Colorful weaving with award ribbons attached.
Blanket woven by Cyrus Chisolm (11th) that received 2nd place.
Woven blanket with purple to orange gradient. 2 purple awards and 1 blue award hang from the side.
Sunset woven blanket by Nani Jackson. Received 1st place and the Mamie Francis Award.
Green, black, and grey checkered blanket with red ribbon attached.
Entry by Zoe Burgess (10th) that received 2nd place.

Junior Nani Jackson won first place and a special Mamie Francis award for her beautiful sunset blanket. Junior Cyrus Chisolm and sophomore Zoe Burgess both won second place for their colorful weavings. Gwen Handler, a former weaving, ceramics, and photography teacher at SSFS, began the tradition of entering weavings made by SSFS students due to her connections to the MD Sheep and Wool Festival. Though she no longer works for SSFS, the tradition is continued by weaving teacher Heidi Brown.

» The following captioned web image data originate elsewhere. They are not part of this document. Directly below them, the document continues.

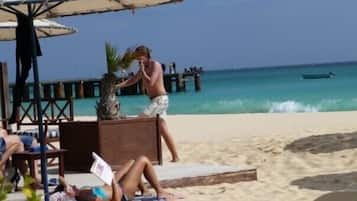 In Strandnähe, Liegestühle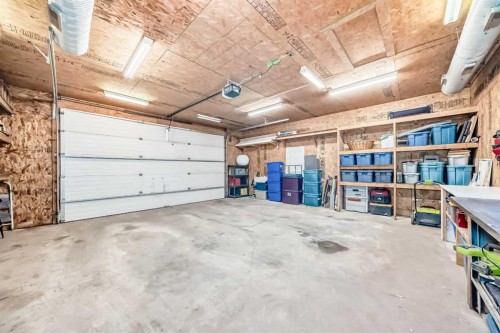 3240 Dovercliffe Road Se, Calgary, AB - Indoor Photo Showing Garage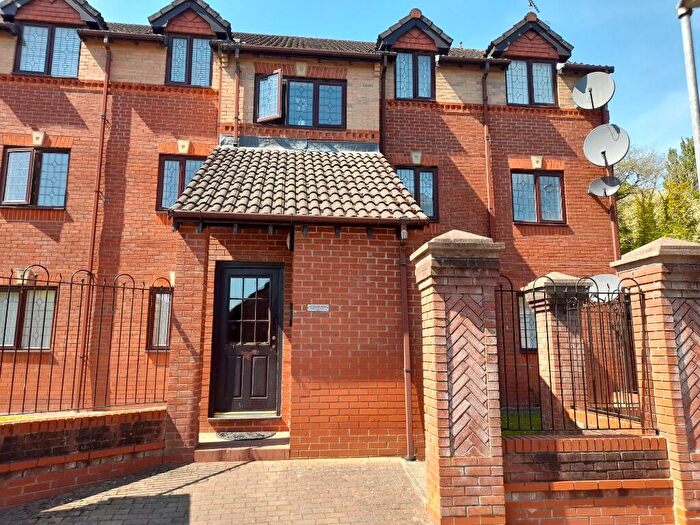 2 Bedroom Flat To Rent In Welland Road, Wilmslow, Cheshire, SK9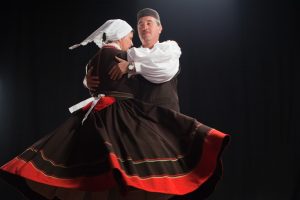 ILuxury mirrored in the past: Traditional costumes of Vodnjan, Galižana and Peroj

The Sheep to Shawl competition is one of the most technically impressive parts of the festival. During a three hour period on Sunday, teams of shearers, spinners, and weavers gathered to create a woven piece, as the name suggests, from sheep to shawl. After the pieces are completed, they are auctioned and the winner of the competition is announced after judges carefully inspect the finished result. The Sheep to Shawl competition turns weaving into an extreme sport and gathers an impenetrable crowd. I had the honor of spending some time with the sheep who participated in the competition. They didn’t have much to say, but seemed happy to be away from the crowds and the competitive atmosphere. In the end, a beautiful green and white shawl took the prize. The competition was incredible, and I personally recommend seeing it next year.

Group of women sitting in a circle. 2 sitting in front of a wheel, spinning. 1 in front of a loom.
Winning team spinning and weaving their Sheep to Shawl entry.

The festival also had a show of breeds, a creative shearing contest, a photography competition, spinning competitions, a fine arts competition, and a shepherding competition. The market was also intense- hundreds of businesses selling yarn, fleece, and artisan crafts. A few barns were also selling sheep, covering every sheep lover in lanolin from petting friendly lambs.

The festival is not one to miss, and I urge those not already planning to attend to visit the 50th annual MD Sheep and Wool Festival on May 6-7, 2023.